Looking at the NIST table of x-ray attenuation coefficients, and noting that 1.4E-11 m is a 88 keV photon, we find an attenuation coefficient of about 0.5 cm2/g for iron (we'll use this for steel), 0.15 cm2/g for graphite (we'll use this for high tech carbon materials) and 0.18 cm2/g for borosilicate glass (a very rough approximation for ceramics). Since graphite has a density of 1.7 g/cm3, we get a 1/e falloff distance (attenuation length) of 4 cm. Iron, with a density of 7.9 g/cm3, has an attenuation length of 0.25 cm. Glass, density 2.2 g/cm3, has an attenuation length of 2.5 cm.
At 1 light second, therefore, the beam is depositing 2E12 W/cm3 in iron at the surface and 7E11 W/cm3 at 0.25 cm depth; 1.2E11 W/cm3 in graphite at the surface and 5E10 W/cm3 at 4 cm depth; and 2E11 W/cm3 in glass at the surface and 7E10 W/cm3 at 2.5 cm depth. Using 6E4 J/cm3 to vaporize iron initially at 300 K, we find that iron flashes to vapor within a microsecond to a depth of 0.9 cm. The glass, assumed to take 4.5E4 J/cm3 to vaporize (roughly appropriate for quartz) will flash to vapor within a microsecond to a depth of 4 cm within a microsecond. Graphite, at 1E5 J/cm3 for vaporization, will flash to vapor to a depth of 0.7 cm within a microsecond (the laser performs better if we let it dwell on graphite for a bit longer, we get a vaporization depth of 10 cm after ten microseconds).
Net conclusion - ravening death beam at one light second.
Now lets look at one light minute. The beam is now 30 cm across. This is much deeper than the attenuation length in all cases, so we will just find the radiant intensity and the equilibrium black body temperature of that intensity. We have an area of 7E-2 m2, and an intensity of 1.4E8 W/m2. You need to reach 7000 K before the irradiated surface is radiating as much energy away as heat as it is receiving as coherent x-rays. The boiling point of iron is 3023 K, the boiling point of quartz is 2503 K, and the sublimation temperature of graphite is 3640 K. All of these will be vaporized long before they stop gaining heat. At this range, the iron is subject to 5.6E8 W/cm3 at the surface, the graphite to 3.3E7 W/cm3 at the surface, and the glass to 5.6E7 W/cm3 at the surface. Using the above values for energy of vaporization, we get about 0.1 milliseconds before the iron starts to vaporize, 0.8 milliseconds before the glass starts to vaporize, and 3 milliseconds before the graphite begins to vaporize (because of its long attenuation length, once it begins to sublimate, graphite sublimates rapidly to a deep depth, while you essentially have to remove the iron layer by layer).
Net conclusion - still a ravening death beam at one light minute.
What about at one light hour?

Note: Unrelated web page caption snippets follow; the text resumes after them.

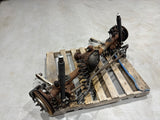 2010 FORD MUSTANG GT500 8.8 REAR AXLE ASSEMBLY 3.55 GEAR RATIO LOADED OEM #672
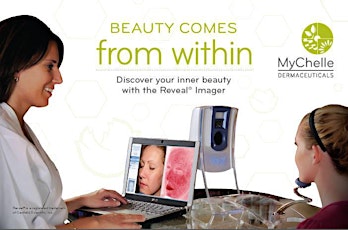 Discover your inner beauty with the Reveal® Imager primary image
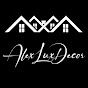 AlexLuxDecor logo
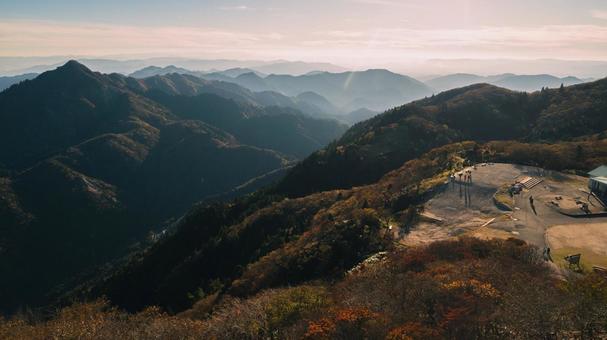 御在所山頂公園 御在所山頂公園の写真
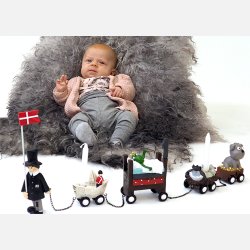 Kids By Friis F�dselsdagstog H.C. Andersen - Dreng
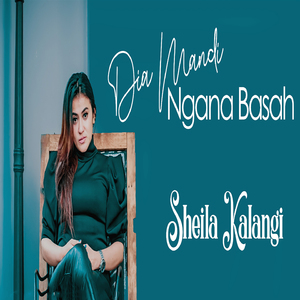 Dia Mandi Ngana Basah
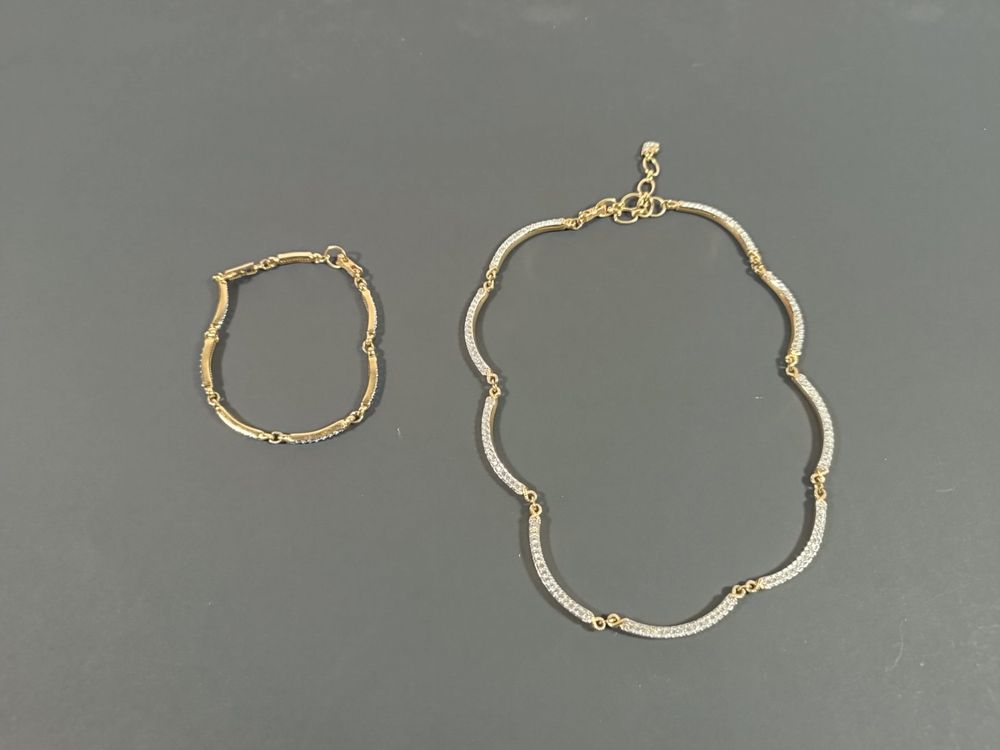 13mm Damen Vier Blättrige Kleeblatt Halskette 18 Karat Vergoldet Edelstahl Fünf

The beam is 18 meters across. The equilibrium black body temperature is 900 K. This is well below the melting point of most structural materials. Ten megawatts, however, is a lot of ionizing radiation. Any unhardened vehicle will be radiation killed at these ranges.
Obviously, the ideas of "close, medium and far" ranges have very different meanings in a space war context. The only way to effectively deal with a weapon like that is to have several weapons of similar power in your constellation, or be prepared to fill the sky with tens of thousands of kinetic kill vehicles (referred to in Rocketpunk Manifesto as Soda Cans of Death or SCoDs). With an overwhelming number of targets, the individual laser will eventually not be able to track and kill every target, and of course other factors like the service cycle (how often you might have to stop and cool down the system), or the speed the laser mirror can swivel to track incoming targets reduces the absolute number of targets you can service even with a RBoD.